Why speech recognition will (probably) never work

Speech to text recognition software is one of personal computing’s final frontiers. The dream of sitting in a room and talking to your computer (and having it understand, compute, and respond accordingly) is, apparently, unlikely to ever become an actual reality. The problems are manifold – the biggest problems being that words are aurally ambiguous and we instinctively translate them based on context and expression, and that certain words have an array of meanings.

Here are a couple of snippets from this fascinating article, that ends up being more about language than voice recognition (you might also notice a couple of things I’ve posted recently in that article).

In 2001 recognition accuracy topped out at 80%, far short of HAL-like levels of comprehension.
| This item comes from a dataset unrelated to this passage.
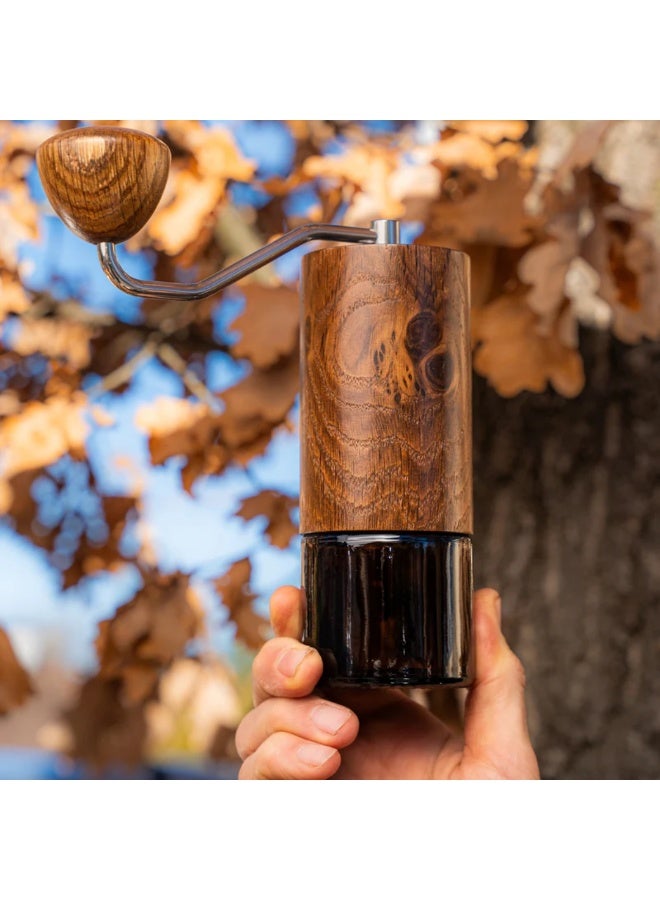 COMANDANTE C40 MK4 Nitro Blade Manual Coffee Grinder – Vintage Oak Royal, High-Nitrogen Stainless Steel Burrs, Precision Click Adjustment & Natural Oak Knob - Image 4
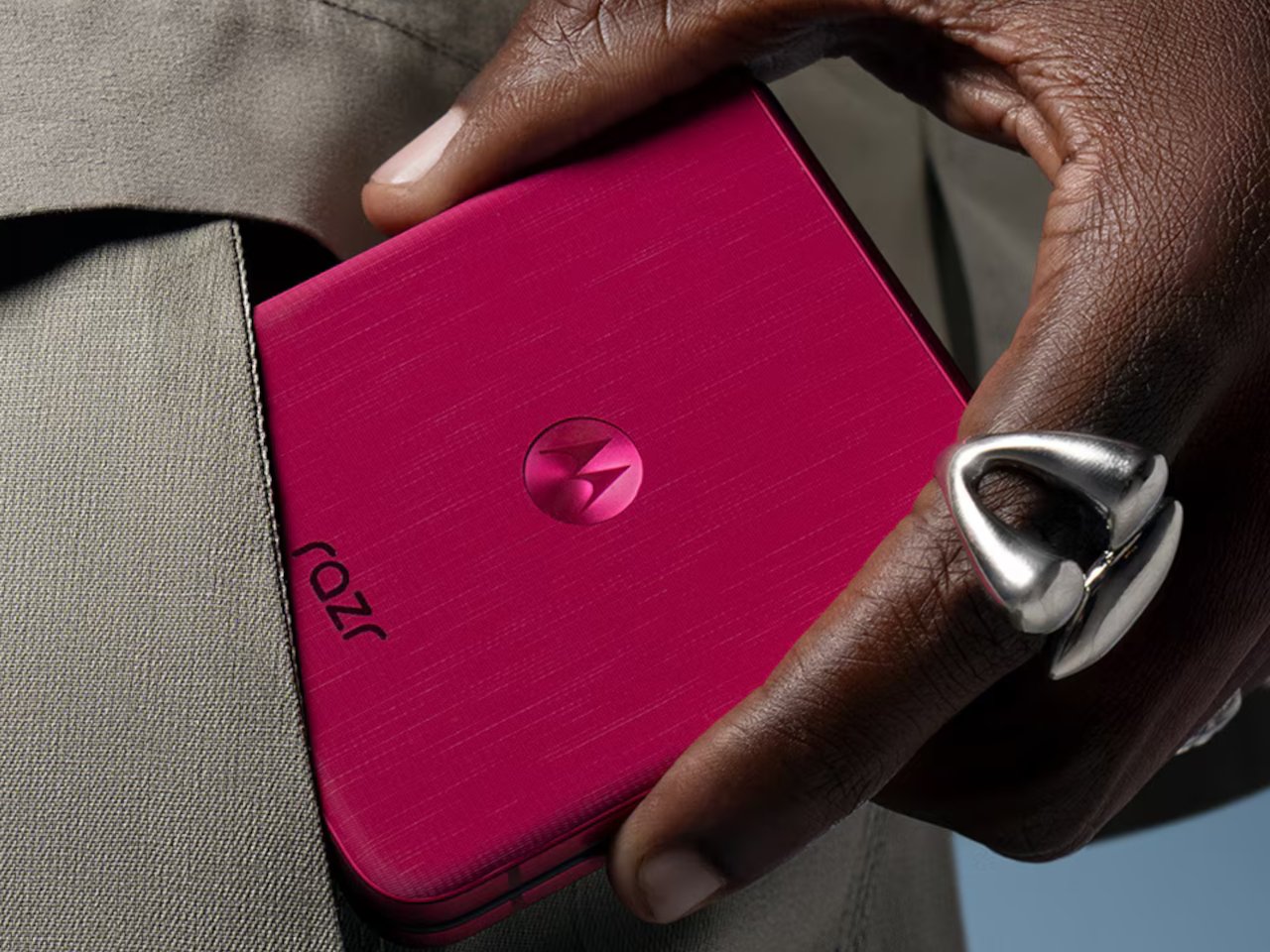 炫耀木材和阿尔坎塔拉面料饰面的摩托罗拉RAZR ULTRA折屏手机---酷图编号7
Adding data or computing power made no difference. Researchers at Carnegie Mellon University checked again in 2006 and found the situation unchanged. With human discrimination as high as 98%, the unclosed gap left little basis for conversation. But sticking to a few topics, like numbers, helped. Saying “one” into the phone works about as well as pressing a button, approaching 100% accuracy. But loosen the vocabulary constraint and recognition begins to drift, turning to vertigo in the wide-open vastness of linguistic space…

Many spoken words sound the same. Saying “recognize speech” makes a sound that can be indistinguishable from “wreck a nice beach.” Other laughers include “wreck an eyes peach” and “recondite speech.” But with a little knowledge of word meaning and grammar, it seems like a computer ought to be able to puzzle it out. Ironically, however, much of the progress in speech recognition came from a conscious rejection of the deeper dimensions of language. As an IBM researcher famously put it: “Every time I fire a linguist my system improves.” But pink-slipping all the linguistics PhDs only gets you 80% accuracy, at best…

Researchers have also tried to endow computers with knowledge of word meanings. Words are defined by other words, to state the seemingly obvious. And definitions, of course, live in a dictionary. In the early 1990s, Microsoft Research developed a system called MindNet which “read” the dictionary and traced out a network from each word out to every mention of it in the definitions of other words.

Words have multiple definitions until they are used in a sentence which narrows the possibilities. MindNet deduced the intended definition of a word by combing through the networks of the other words in the sentence, looking for overlap. Consider the sentence, “The driver struck the ball.” To figure out the intended meaning of “driver,” MindNet followed the network to the definition for “golf” which includes the word “ball.” So driver means a kind of golf club. Or does it? Maybe the sentence means a car crashed into a group of people at a party.

To guess meanings more accurately, MindNet expanded the data on which it based its statistics much as speech recognizers did. The program ingested encyclopedias and other online texts, carefully assigning probabilistic weights based on what it learned. But that wasn’t enough. MindNet’s goal of “resolving semantic ambiguities in text,” remains unattained. The project, the first undertaken by Microsoft Research after it was founded in 1991, was shelved in 2005.